Saturday, April 26, 2008

Why Look? Engaging Contemporary Art: Class 2 Slides & Notes

  1. Review: Why look?
    1. Because we live in visual culture
    2. Because the Word became flesh
    3. Because contemporary art tells part of the story, but we know how the story ends.
  2. Recognizing certain themes in contemporary art helps us direct our looking. They can also function as a way to introduce important artists, working today, that you should know about.
    1. Ecclesiastes is approached the same way as a contemporary art gallery: confusing. It is a beautiful book, but it can be hard to read and hard to draw meaning from.
      In the day of prosperity be joyful, and in the day of adversity consider: God has made the one as well as the other, so that man may not find out anything that will be after him. Ecc. 7:14

  3. Theme: Time and Memory
    1. Art that takes time to unfold for the viewer, or took time for the artist to make.
    2. Art that is about the memories or personal histories of the artist. Retelling cultural memories from their families, for example.
    3. Ecclesiastes 8:17. We need each other’s experiences to fill out our own sense of reality, of God’s creation. We are created to experience things in time and to encounter other people’s experiences in time.
    4. The slides shown are meant to illustrate these themes, not meant to make you derive meaning from. What do you see, and how does it relate to the theme? We will address how to look at these types of art next week.
    5. Ann Hamilton, Corpus. A 10-month installation, incorporating sound, movement, paper, machines, light, etc. A meditative work, referencing a grand cathedral. Not a timeless work, but inextricably based in a certain time. The viewer is unsure whether to go in or not. Fall leaves, raking, copy machines, making a game instead of frustrating. A physical experience.
    6. Yamamoto, untitled slide. 280 nails into a line in the wall with tiny words on their heads. It took some time to make, but it takes a bit of time to look at as well, especially since the line compels you to follow the words all the way to the end. Chores, monotony, a life cycle. A negative view of life. Nails as a way to get rid of the repressiveness. Nails have a religious connotation, especially when they are hammered into the wall. A bit of biographical information since we’ve had a good amount of thoughtful interaction with it so far: Yamamoto reimagines the inner thoughts of her grandmother, who was a Japanese immigrant laundress in Hawai’i who committed suicide after the bombing of Pearl Harbor.
  4. Theme: the Body
    1. Having a body is a messy business, something that is not often acknowledged in older art.
    2. The body is fragile, easily broken and not as strong as we wish.
    3. The body is evoked, but not represented.
    4. We don’t fully understand our bodies, but our creator does.
      As you do not know the way the spirit comes to the bones in the womb of a woman with child, so you do not know the work of God who makes everything. - Ecc. 11:5
    5. Gonzales-Torres, Placebo slide. 1200 pounds of foil-wrapped candy in a rectangle on the ground.

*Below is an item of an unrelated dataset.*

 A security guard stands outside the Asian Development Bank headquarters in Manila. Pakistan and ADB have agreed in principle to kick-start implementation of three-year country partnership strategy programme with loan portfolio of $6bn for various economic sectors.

The guard tells you that you can take a piece. Taking something from a memorial. A body that is disappearing, dissipating.
  5. Theme: Identity
    1. How you concive of yourself and each other in relationship to others.
      Two are better than one, because they have a good reward for their toil. For if they fall, one will lift up his fellow. But woe to him who is alone when he falls and has not another to lift him up! Again, if two lie together, they keep warm, but how can one keep warm alone? And though a man might prevail against one who is alone, two will withstand him—a threefold cord is not quickly broken. Ecc 4:9-12
  6. Theme: Globalization
    1. Effects of imperialism (British, Soviet, American, etc), especially in Africa and South America.
    2. New histories, new stories.
      Again I saw all the oppressions that are done under the sun. And behold, the tears of the oppressed, and they had no one to comfort them! On the side of their oppressors there was power, and there was no one to comfort them. - Ecc 4:1
    3. Ghana slide. Foreign-looking large piece of textile from a distance, but closer inspection shows that it is made of liquor bottle wrapping. Effect of European liquor on Africa. Recycling and reusing what other people throw away.
  7. Theme: Commodity
    1. Use of consumer products
      He who loves money will not be satisfied with money, nor he who loves wealth with his income; this also is vanity. When goods increase, they increase who eat them, and what advantage has their owner but to see them with his eyes? Ecc 5:10, 11
    2. References to popular visual culture.
    3. Collapse of art into life.
    4. Krueger slide.
    5. Flune slide. Corporate design aesthetic infiltrating our visual lives.
  8. Theme: Play
    1. Viewer participation, touching, looking at it in different ways
    2. Surprise!
      When I applied my heart to know wisdom, and to see the business that is done on earth, how neither day nor night do one’s eyes see sleep, then I saw all the work of God, that man cannot find out the work that is done under the sun. However much man may toil in seeking, he will not find it out. Even though a wise man claims to know, he cannot find it out. - Ecc. 8:16-17
    3. Donovan slide, untitled (plastic cups). Taking something that you can go out and buy, turning it into something amazing, pleasing, beautiful.
    4. Oppenheimer side. Cuts holes in walls, creating tunnels in vision allowing you to see architecture in a new, different way.
    5. Eliason, your imploded view slide. View of self and surroundings changes.